Our top 10 favorite books of 2017

     

    We live in exhausting times—why not escape for a bit with a book? Here are our top 10 staff picks, guaranteed to hit the spot by providing some much-needed escapism.

    Lincoln in the Bardo by George Saunders

    The long-awaited first novel from the author of Tenth of December: a moving and original father-son story featuring none other than Abraham Lincoln, as well as an unforgettable cast of supporting characters, living and dead, historical and invented. Nick Offerman says this book will “Explode the Planet.”

    We Were Eight Years in Power by Ta-Nehisi Coates

    “We were eight years in power” was the lament of Reconstruction-era black politicians as the American experiment in multiracial democracy ended with the return of white supremacist rule in the South.

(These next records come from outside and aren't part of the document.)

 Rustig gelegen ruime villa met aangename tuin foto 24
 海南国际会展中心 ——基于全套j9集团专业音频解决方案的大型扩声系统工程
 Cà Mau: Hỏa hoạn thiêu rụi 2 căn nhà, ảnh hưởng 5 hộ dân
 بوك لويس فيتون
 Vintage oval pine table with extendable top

Now Ta-Nehisi Coates explores the tragic echoes of that history in our own time: the unprecedented election of a black president followed by a vicious backlash that fueled the election of the man Coates argues is America’s “first white president”.

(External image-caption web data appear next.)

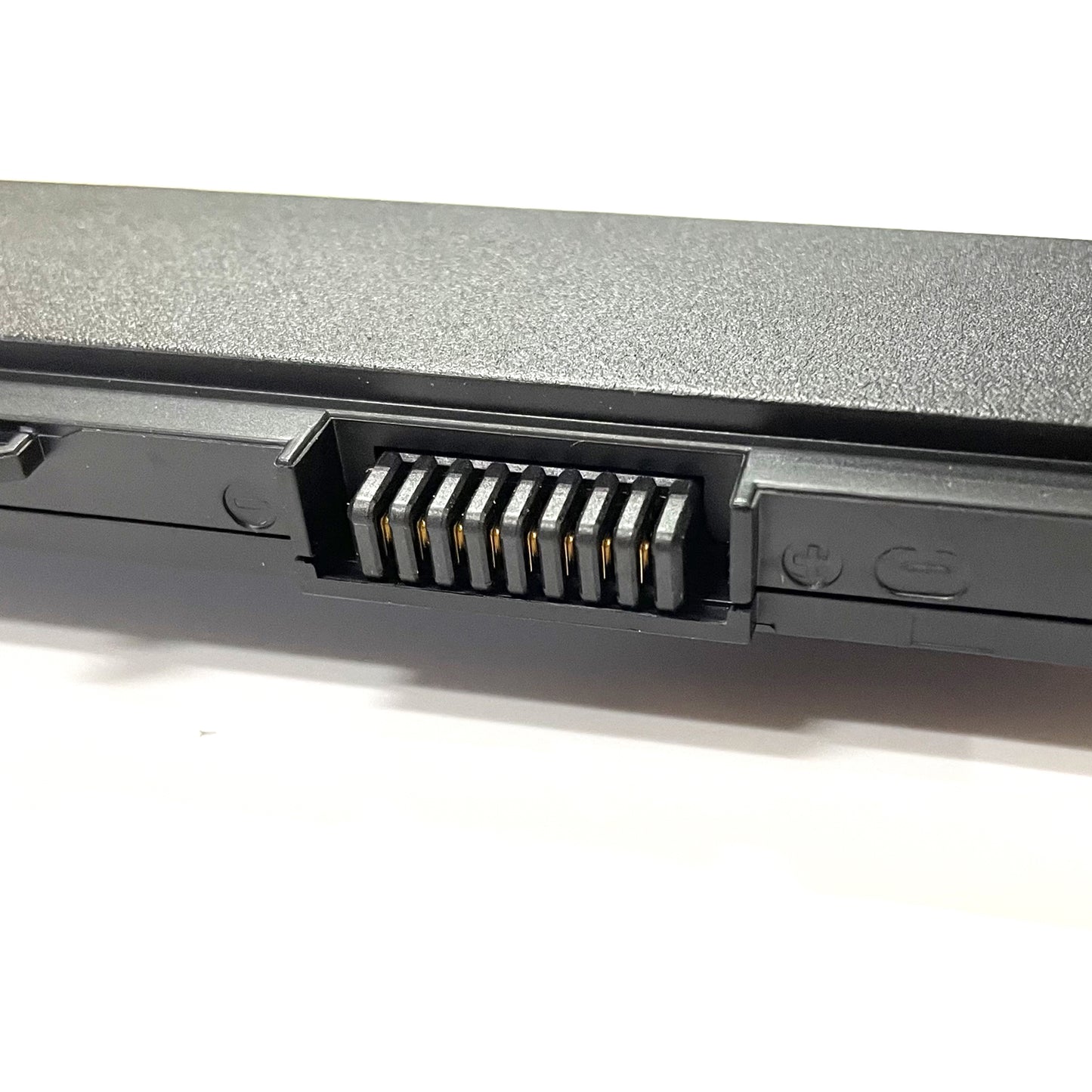 Genuine HS03 HS04 Laptop Battery for HP 240 G4, 245 G4, 250 G4, 255 G4 Series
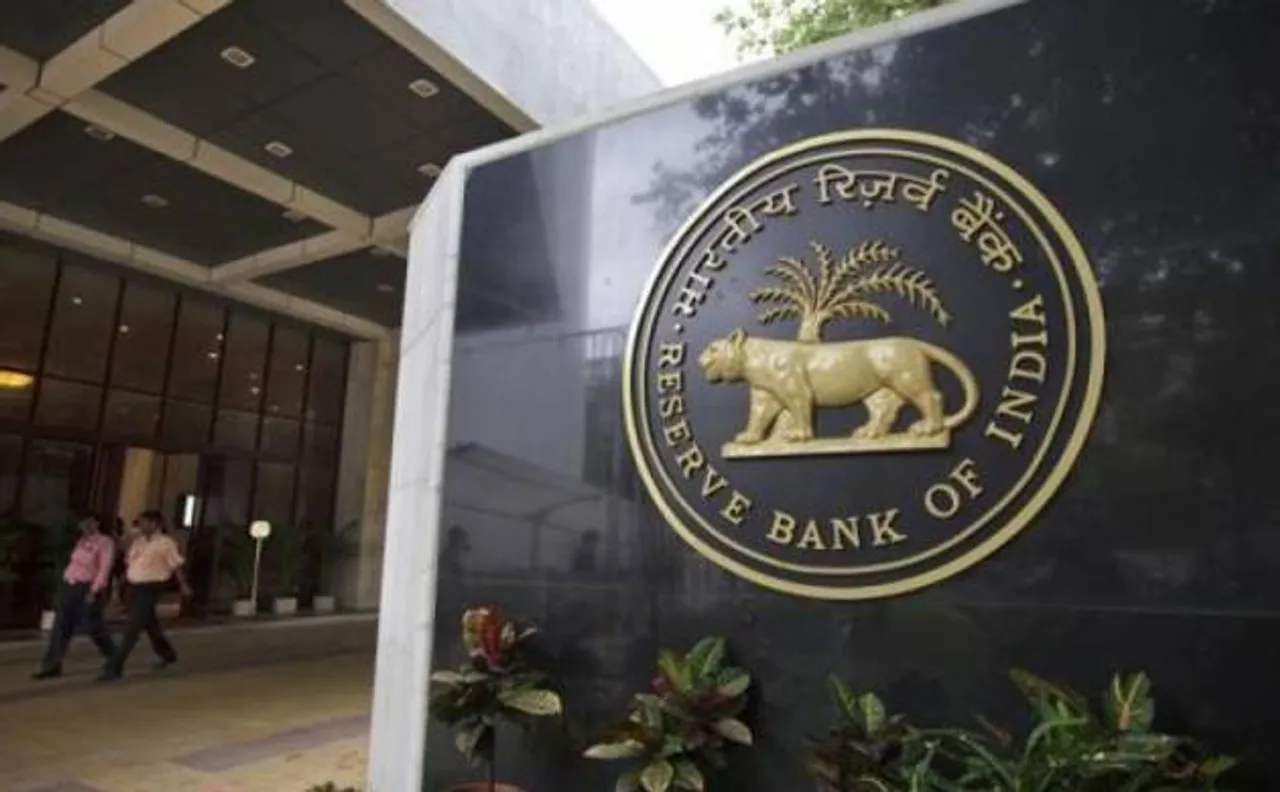 Daily limit of withdrawal from ATMs increased from Rs 2,500 to Rs 4,500 per day from January 1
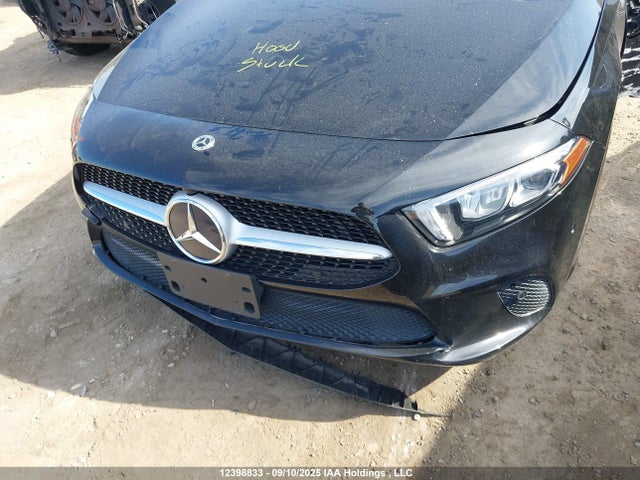 W1K3G4FB3NJ347421 Mercedes-Benz m260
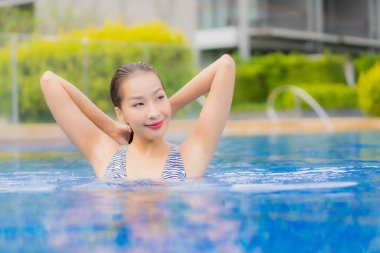 Güzel bir Asyalı kadın portresi. Rahatlayın. Rahatınıza bakın.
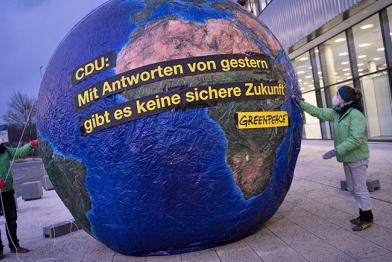 Greenpeace-Aktive mit Weltkugel vor CDU-Parteitag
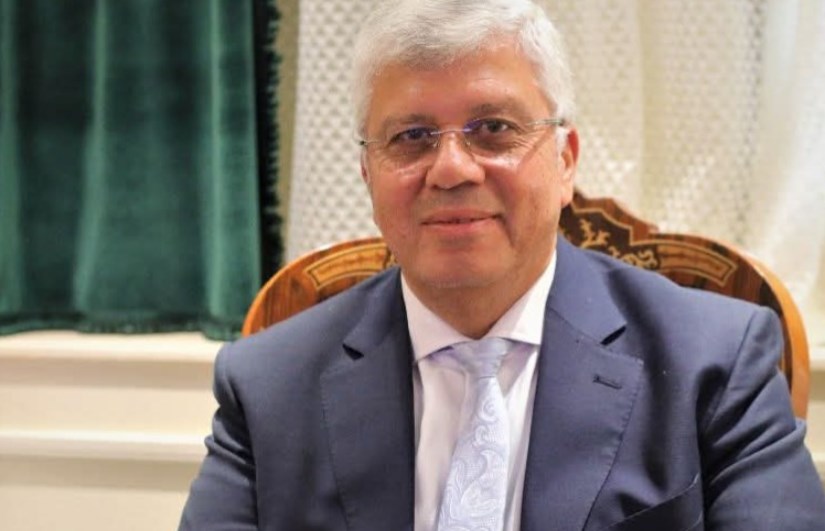 الدكتور أيمن عاشور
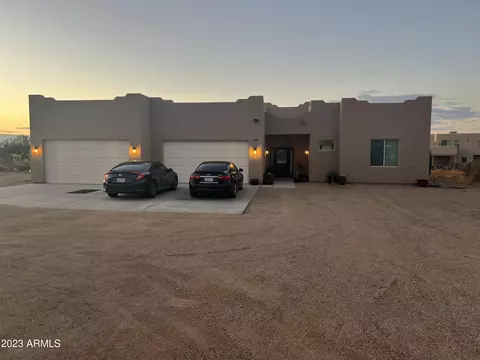 319 E Kaniksu St, Apache Junction, AZ 85119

    Little Fires Everywhere by Celeste Ng

    From the best-selling author of Everything I Never Told You, a riveting novel that traces the intertwined fates of the picture-perfect Richardson family and the enigmatic mother and daughter who upend their lives. Little Fires Everywhere explores the weight of secrets, the nature of art and identity, and the ferocious pull of motherhood – and the danger of believing that following the rules can avert disaster.

    Sing, Unburied, Sing by Jesmyn Ward

    “The heart of Jesmyn Ward’s Sing, Unburied, Sing is story – the yearning for a narrative to help us understand ourselves, the pain of the gaps we’ll never fill, the truths that are failed by words and must be translated through ritual and song…Ward’s writing throbs with life, grief, and love, and this book is the kind that makes you ache to return to it.” (Buzzfeed)

    Exit West by Mohsin Hamid

    Exit West follows remarkable characters as they emerge into an alien and uncertain future, struggling to hold on to each other, to their past, to the very sense of who they are. Profoundly intimate and powerfully inventive, it tells an unforgettable story of love, loyalty, and courage that is both completely of our time and for all time.

    The Rules Do Not Apply: A Memoir by Ariel Levy

     

    A gorgeous, darkly humorous memoir for listeners of Cheryl Strayed about a woman overcoming dramatic loss and finding reinvention, based on this award-winning writer’s New Yorker article “Thanksgiving in Mongolia”. Rules Do Not Apply reveals what happens when nature decides to smash the plans you’ve made, and derail what you thought was your life.

    American War by Omar El Akkad

    An audacious and powerful debut novel: a second American Civil War, a devastating plague, and one family caught deep in the middle – American War is a story that asks what might happen if America were to turn its most devastating policies and deadly weapons upon itself.

    Startup by Doree Shafrir

    An assured, observant debut from veteran online journalist Doree Shafrir, Startup is a sharp, hugely entertaining story of youth, ambition, love, money, and technology’s inability to hack human nature.

    Men Without Women Haruki Murakami

    Haruki Murakami can do no wrong in my book (pun intended). Across seven tales, Men Without Women brings Haruki Murakami’s powers of observation to bear on the lives of men who, in their own ways, find themselves alone. Here are vanishing cats and smoky bars, lonely hearts and mysterious women, baseball and the Beatles, woven together to tell stories that speak to us all. Marked by the same wry humor that has defined his entire body of work, in this collection Murakami has crafted another contemporary classic.

    Goodbye, Vitamin by Rachel Khong 

    Told in captivating glimpses and drawn from a deep well of insight, humor, and unexpected tenderness, Goodbye, Vitamin pilots through the loss, love, and absurdity of finding one’s footing in this life.